By Kate Bachman | September 27, 2012

Category:
Oliver Campbell, Dell director of packaging
Take a Byte. Oliver Campbell, Dell director of packaging procurement, serves up some cushioning packaging derived naturally that is recycled, recyclable, biodegradable, and one that is even somewhat edible. The farmer-turned-engineer drew on his agricultural background to develop out-of-the-box sustainable packaging.

Oliver Campbell is a Volt®-driving, composter-using, mushroom-growing, bamboo harvesting, sustainable packaging tour de force. He doesn’t just talk about sustainability, he drives it, he recycles it, he composts it, he grows it, he lives it.
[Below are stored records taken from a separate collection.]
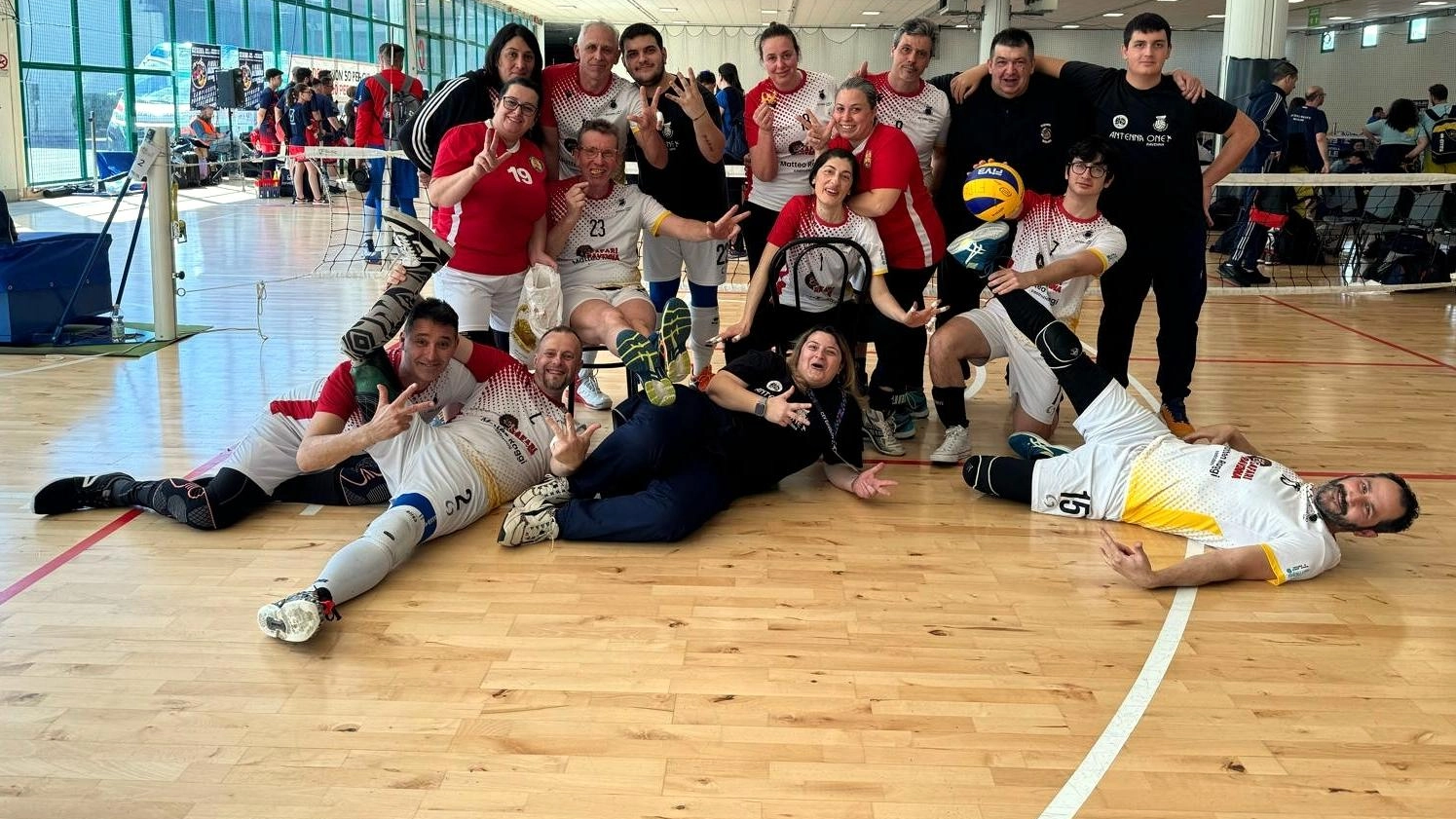 La Pianoterra Pietro Pezzi Ravenna conquista il bronzo alle finali nazionali del campionato promozionale italiano di sitting volley Rotary Cup 2024 a Cesena, confermandosi tra le migliori squadre d’Italia.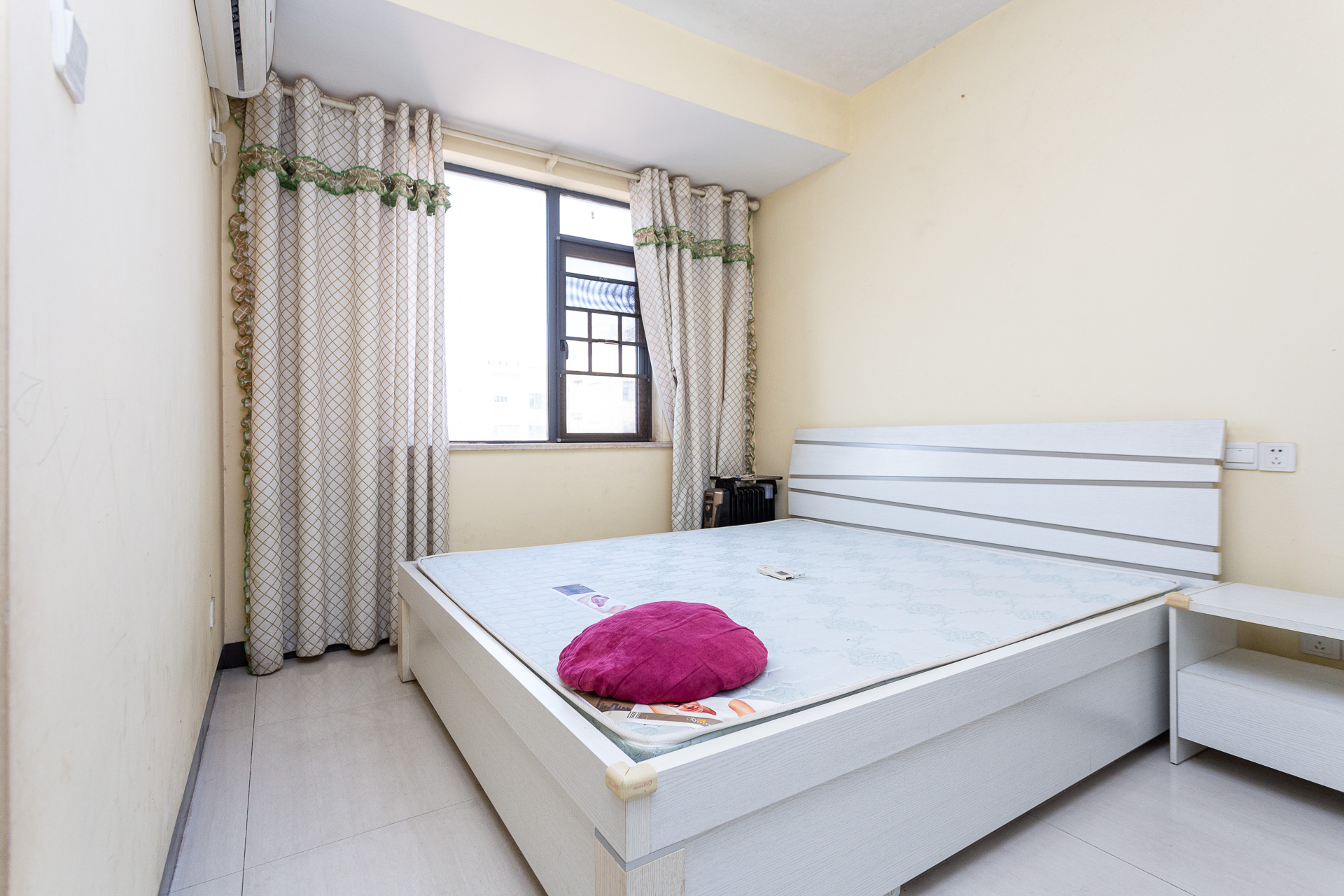 Cross尚公馆  1室1厅1卫    30.0万 Cross尚公馆  1室1厅1卫    30.0万卧室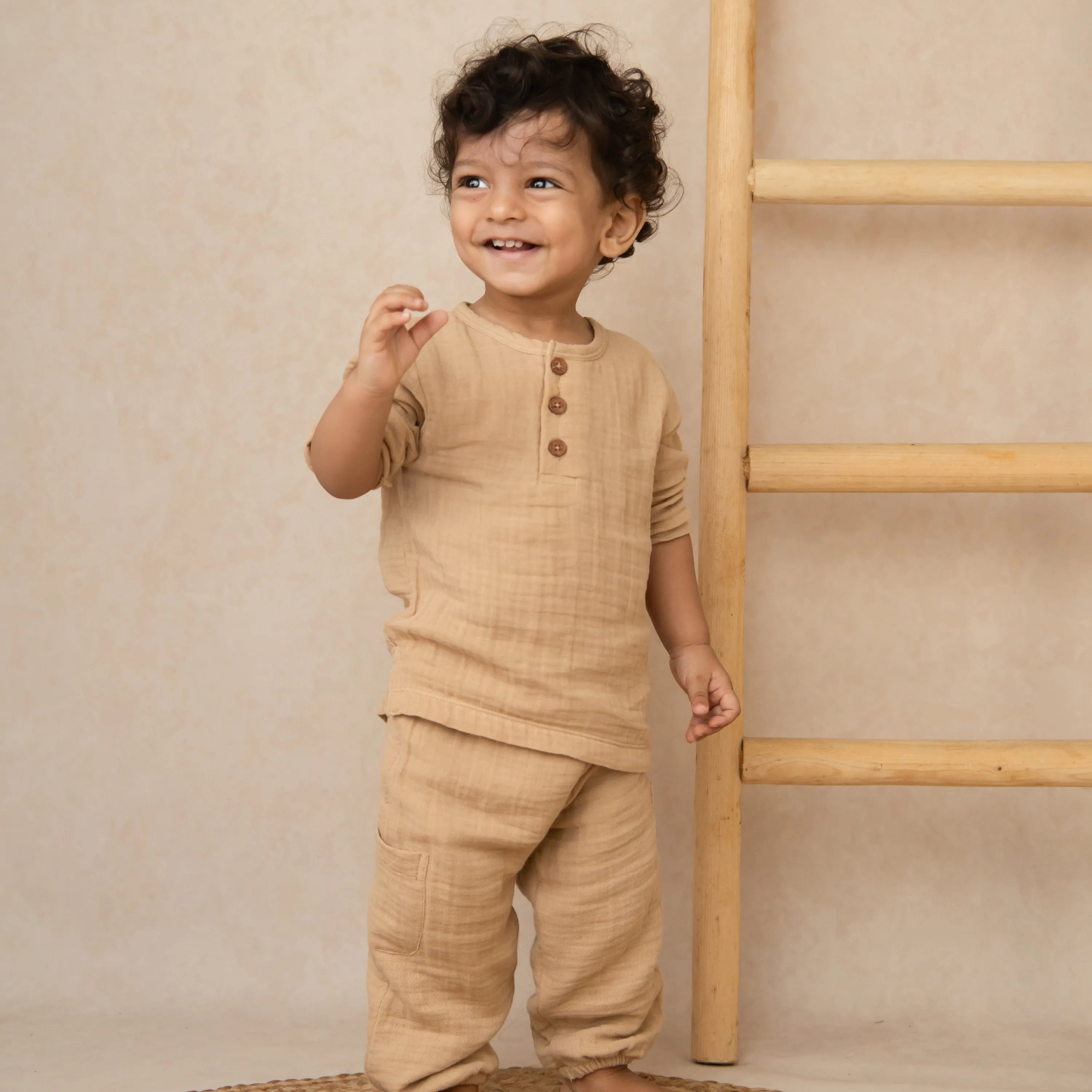 Organic Muslin Long Sleeve Henley T-Shirt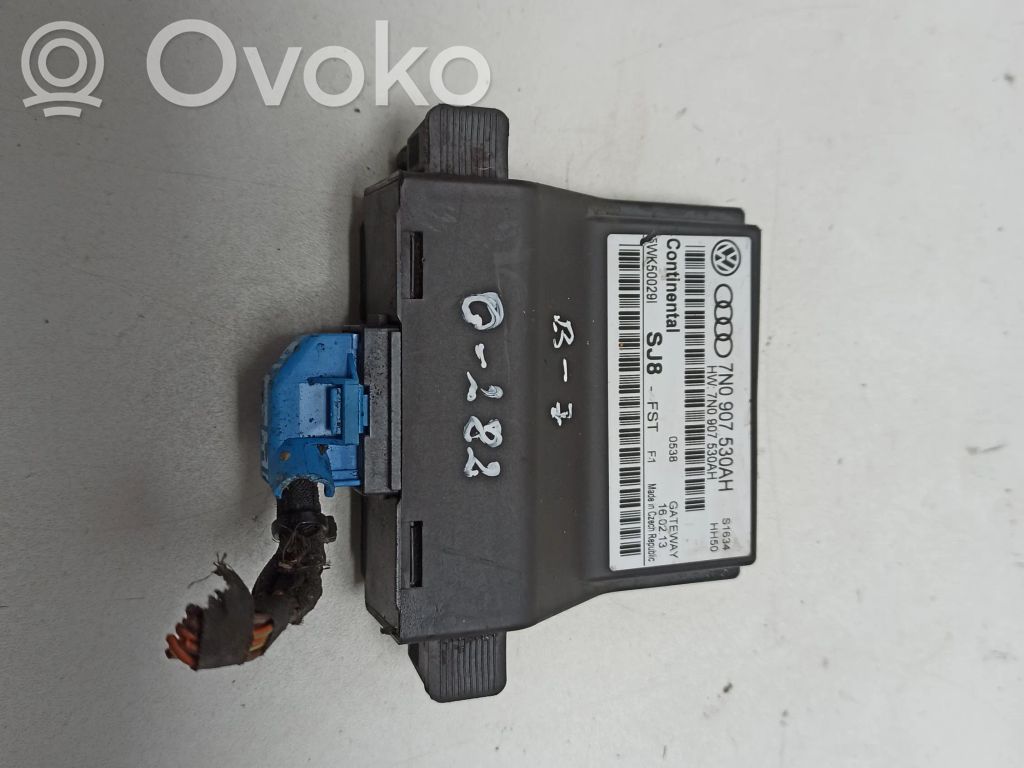 Volkswagen PASSAT B7 Módulo de control Gateway 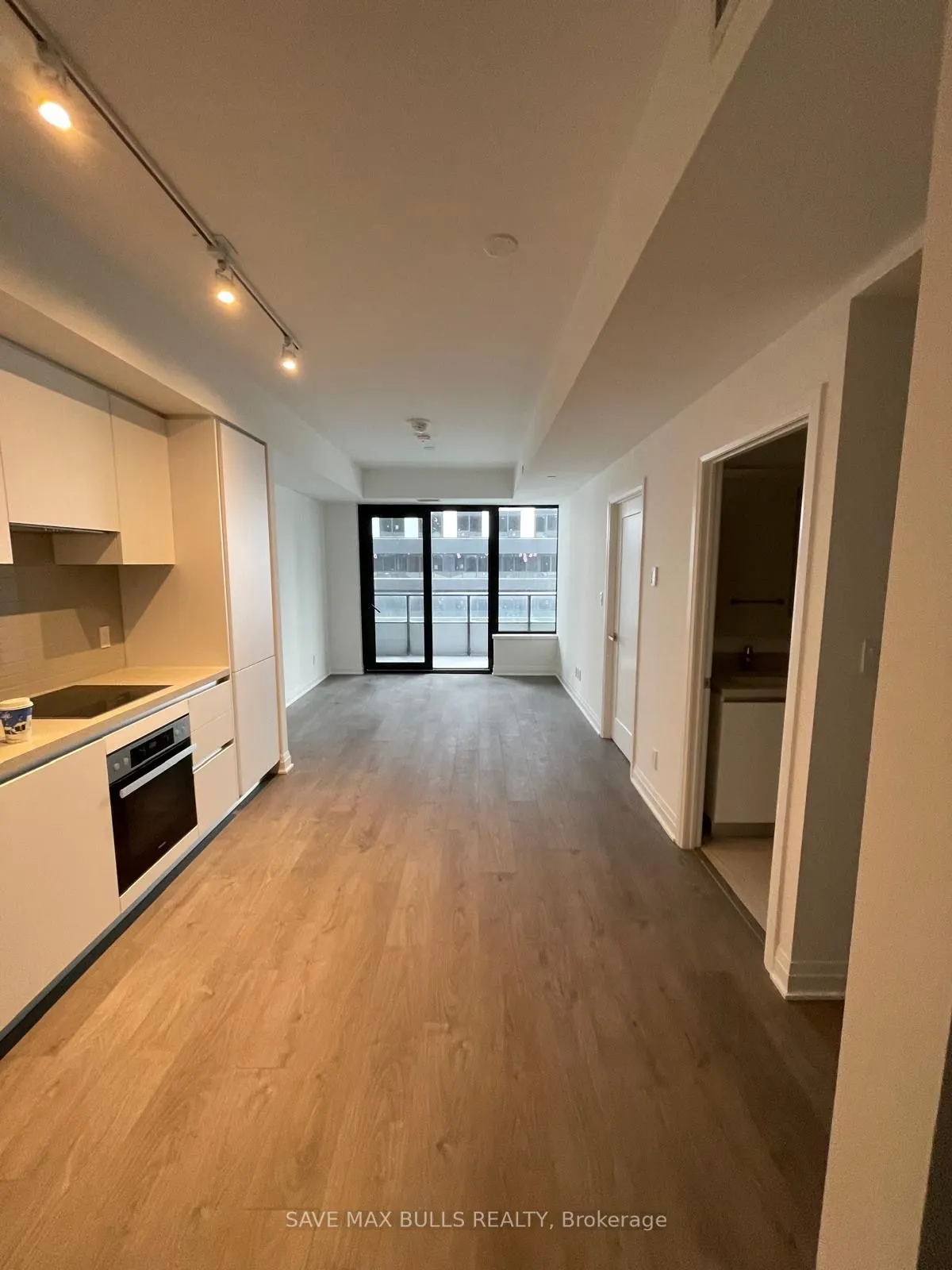 4023 The Exchange, #1806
If triathlete Campbell were to ride with fellow Austinite Lance Armstrong, he’d be as likely to scour the countryside for his next vegetative packaging material as enjoy the view.

Campbell, who is Dell’s director of packaging procurement, is in the process of greening the packaging the tech giant uses to protect its servers, desktop computers, laptops, and notebooks during shipping (see Figure 1). The company says this is indicative of its entire larger life cycle approach to sustainability. “We design products and packaging with the planet in mind, considering their environmental impact at each stage of their existence,” Campbell professes.

The Whole Problem

“For years customers received their products in unnecessarily large boxes filled with Styrofoam® and made with material that is not exactly easy to recycle,” Campbell wrote in a recent blog posting. “At Dell, we’re developing new possibilities in packaging by using innovative techniques that we believe are truly sustainable. Why? Quite simply, our customers have told us that this is what they want.”

And tell Dell they did. Customers were very vocal about what they didn’t like about the packaging, especially in social networking avenues. Some bloggers had sharp opinions about the sustainability of Dell packaging.”What we came to realize is that customers really have strong feelings about the packaging. They wanted us to care as much about the environment as they do.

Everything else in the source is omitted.